Participants completed six runs of the task in each session. Each run consisted of 40 trialsFootnote 1 (8 per each of the 5 saccade conditions), for a total of 48 trials per condition. Throughout each trial, gaze position was tracked, and trials were aborted and repeated later in a run if participants’ eyes deviated more than 2 degrees visual angle for more than 20 ms. Before the first two sessions (the first retinotopic session and the first spatiotopic session), participants completed a sequence of four practice runs. The first practice run consisted of four no-saccade trials, the second consisted of four 1-saccade trials, and the third consisted of four 2-saccade trials. The fourth practice run consisted of eight total trials, with saccade conditions intermixed as in the main experiment.
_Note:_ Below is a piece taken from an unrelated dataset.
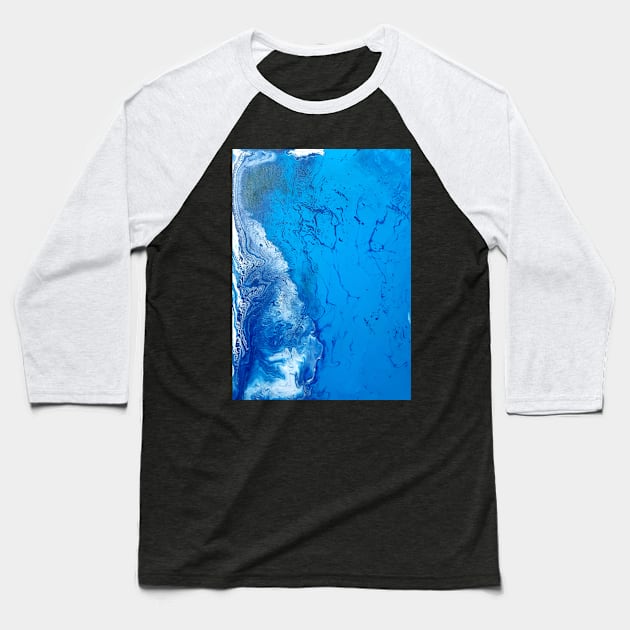 Aerial view ocean waves acrylic painting Baseball T-Shirt by LukjanovArt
The experimenter was available for questions during this time, and participants had the option to repeat the practice before moving onto the main task or again before the third and fourth sessions if they felt it was necessary.

Analyses

As in Golomb and Kanwisher (2012b), we planned to discard trials with errors larger than 5.5 degrees visual angle, which corresponded to a response in the wrong quadrant of the screen. We also planned to discard a participant’s data if any of their sessions had 10% or more of trials cut, replacing them with another participant with the same counterbalance order. A total of one participant was excluded for poor performance (two sessions with >10% large errors each) and replaced, and an average of 0.7% of trials for the remaining participants were discarded.
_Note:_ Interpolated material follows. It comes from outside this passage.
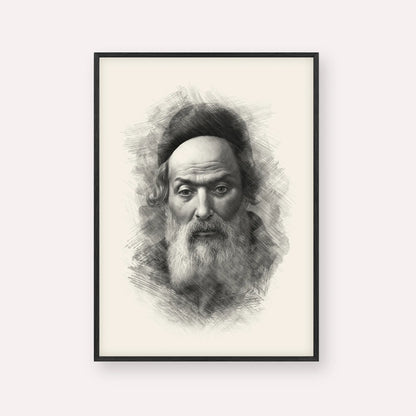 Chofetz Chaim – Black & White – Black Frame Vertical | Jewish Wall Art, Gedolim Pictures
We calculated memory accuracy on each trial as the absolute value of the difference (distance, in degrees visual angle) between the reported position and the correct position. This “error” measure was averaged across trials for each condition, task, and subject, and statistical analyses were conducted using repeated-measures ANOVAs. Effect size was reported using partial eta-squared (np 2).

Results

Saccade direction

We first verified that there were no differences between the vertical and horizontal one-saccade conditions, so that we could collapse across saccade direction to examine accumulation of error across number of saccades (Golomb & Kanwisher 2012b). Using a three-way ANOVA with saccade direction (horizontal vs. vertical one-saccade conditions), memory task (retinotopic vs. spatiotopic), and response type (mouse vs. touchscreen), we found no significant main effects or interactions involving saccade direction (all p > 0.57 and F < 0.33). The analyses that follow collapse across saccade direction (a break-down of results by saccade direction can be found in the supplement).

Retinotopic vs. spatiotopic accumulation of error across saccades

Figure 2 shows the average error of the spatial memory report for the retinotopic and spatiotopic tasks as a function of number of saccades, for the mouse and touchscreen-reaching responses. For each response modality, we performed a two-way repeated measures ANOVA with within-participant factors of number of saccades (0-2; collapsed across vertical and horizontal 1-saccade conditions and excluding 2-saccade return condition) and memory task (retinotopic vs. spatiotopic). Note that we did not include the 2-saccade return condition in this primary analysis, because the retinotopic and spatiotopic coordinates reconverged in this condition.

Fig. 2
figure 2

Error distances plotted by saccade condition, memory task (retinotopic vs. spatiotopic sessions), and response type (mouse response sessions in subpanel a vs. touchscreen response sessions in subpanel b). We collapsed across horizontal and vertical 1-saccade conditions in this plot and in our main analyses. Error bars are across-subject standard error of the mean

Our mouse response results replicate Golomb and Kanwisher’s (2012b) findings. First, we found a main effect of number of saccades (F(1.27,13.92) = 94.98, p < 0.001, Greenhouse-Geisser-corrected, np 2 = 0.90), indicating an increase in error with more saccades and/or increasing memory delay. Importantly, we found larger overall error in the spatiotopic condition than the retinotopic condition (main effect of memory task: F(1,11) = 17.07, p = 0.002, np 2 = 0.608), as well as a greater accumulation of error in the spatiotopic compared to the retinotopic condition as number of saccades increased (task × number of saccades interaction: F(1.27,13.98) = 16.46, p = 0.001, Greenhouse-Geisser-corrected, np 2 = 0.60).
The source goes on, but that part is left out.